SharpAvatar: Semantic and Layered Gaussian Reconstruction of Clothed Humans
摘要
High-fidelity 3D clothed human reconstruction plays a pivotal role in applications such as virtual reality, game animation, and digital human interaction. To address the limitations of existing methods in representing garment details, ensuring boundary continuity, and achieving rendering efficiency, we propose a novel reconstruction framework named SharpAvatar, which enables high-quality, interactive clothed human reconstruction and real-time rendering. Our method is built upon Gaussian Splatting and incorporates a semantics-guided initialization strategy, where initial Gaussian point distributions for the body and garments are separately constructed based on human semantic segmentation results. We further propose a hierarchical Gaussian modeling mechanism, which models the body and garments as independent Gaussian layers. Different binding and deformation strategies are applied: body Gaussians are deformed via mesh-based pose-driven binding, while garment Gaussians adopt free-floating or soft-binding strategies to enhance modeling flexibility.

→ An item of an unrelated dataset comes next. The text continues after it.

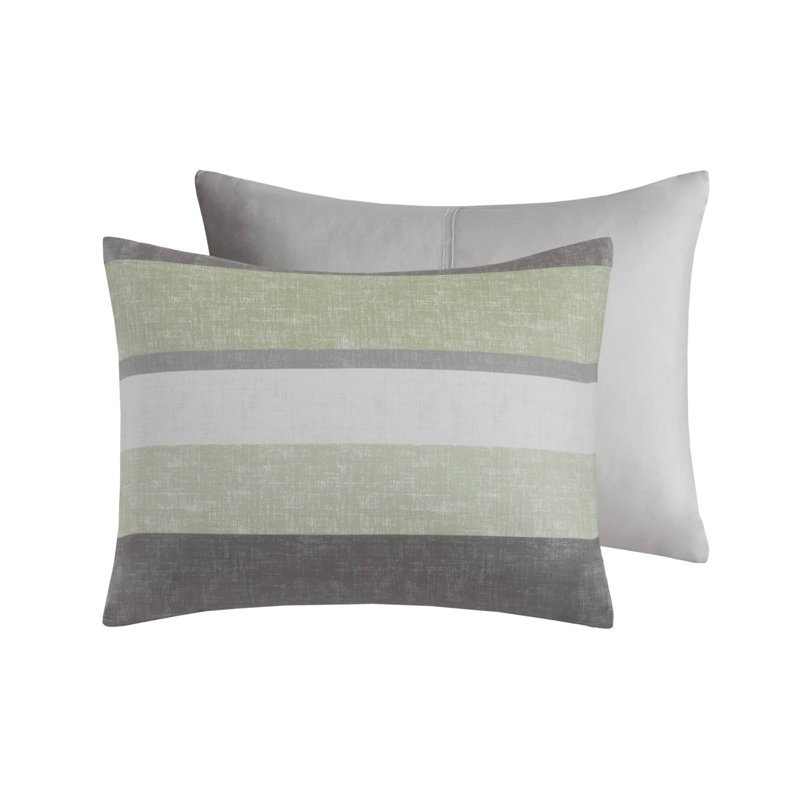 Full Green and Grey Microfiber Reversible Bed in a Bag Set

During training, we introduce a Surface-Edge Optimization (SEO) module, which leverages a Transformer-based architecture to extract high-response features in edge regions of the point cloud. Combined with a normal-consistency constraint, this module significantly improves detail preservation and surface continuity. Finally, a multi-layer Gaussian rendering strategy is employed, enabling fast inference and high-fidelity reconstruction at 1080p resolution. Experiments on the ZJU-MoCap dataset demonstrate that SharpAvatar outperforms existing state-of-the-art methods in rendering speed, geometric accuracy, and garment structural integrity. Notably, it achieves real-time rendering at 350 FPS with a PSNR of 33.03, showcasing superior performance for digital human modeling tasks.